In practical analytical chemistry, activity effects can matter at higher ionic strengths, but for a standard education-level problem involving 0.0831 M NaOH, the idealized strong-base method is the expected and correct approach.
Why 25 Degrees C Matters
The familiar equation pH + pOH = 14.00 comes from the ionic product of water, Kw, at 25 degrees C. In more advanced chemistry, Kw changes with temperature, so the sum of pH and pOH is not always exactly 14.00. However, unless the problem explicitly states otherwise, classroom calculations for NaOH nearly always assume 25 degrees C.

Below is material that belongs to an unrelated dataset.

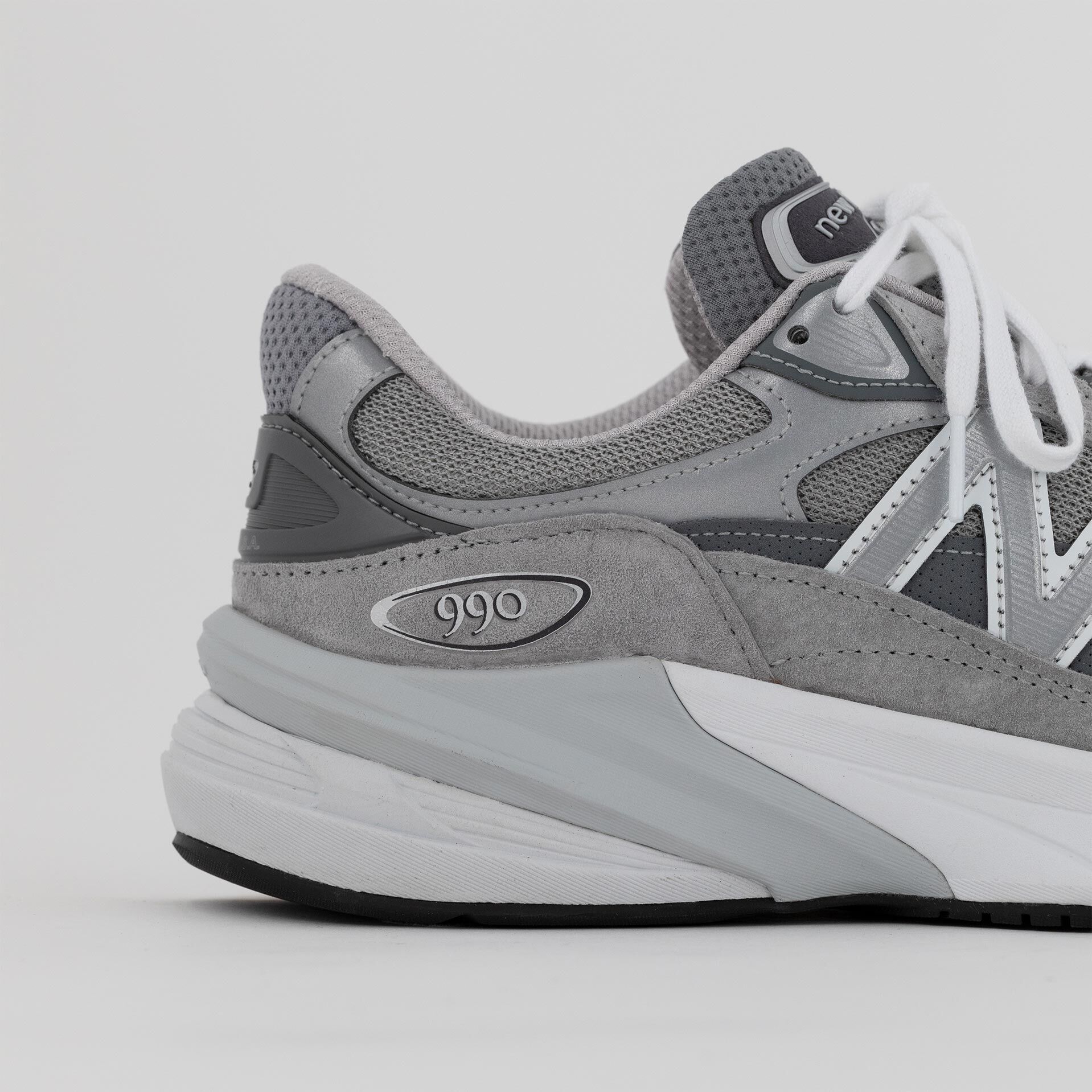 Close up detail of the heel and upper of a grey MADE in USA 990v6 showcasing the material and craftsmanship.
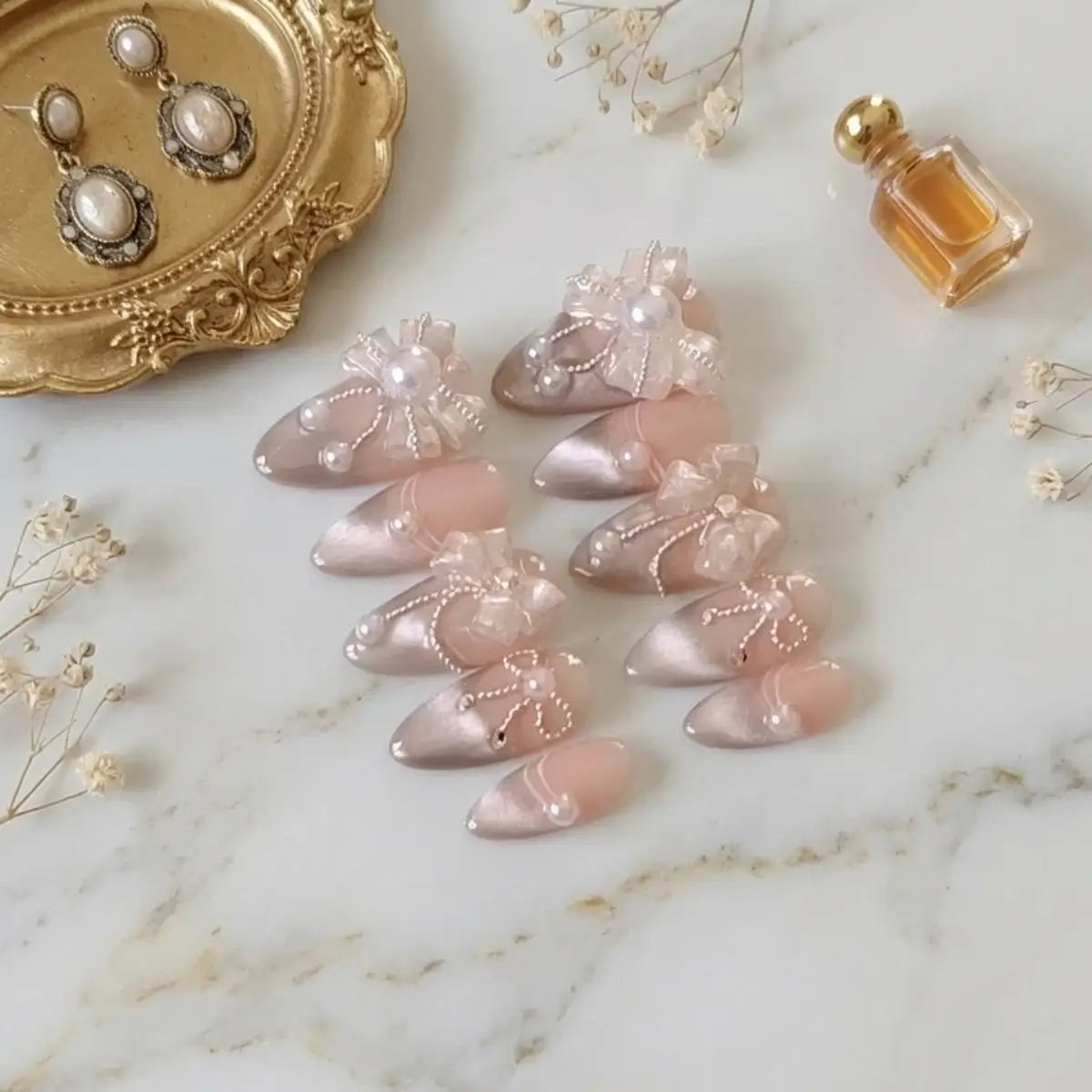 Faux ongles press-on amande cat eye nude rosé avec nœuds en organza et motifs chaînettes nacrées, posés sur marbre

Authoritative References for Acid-Base Chemistry
If you want to verify the scientific basis behind strong-base dissociation, logarithmic pH calculations, and water equilibrium, these authoritative educational and government sources are useful:
- LibreTexts Chemistry for broad educational coverage of pH, pOH, and strong bases.
- U.S. Environmental Protection Agency for water chemistry context and pH fundamentals.
- Florida State University chemistry materials for instructional pH and pOH explanations.
Summary
To calculate the pH of 0.0831 M sodium hydroxide, treat NaOH as a strong base that fully dissociates. Set the hydroxide concentration equal to 0.0831 M, calculate pOH as -log10(0.0831) = 1.0809, then subtract from 14.00 to get the pH. The result is 12.9191, or about 12.92. This is the standard, correct answer for a 25 degrees C aqueous solution in a general chemistry setting.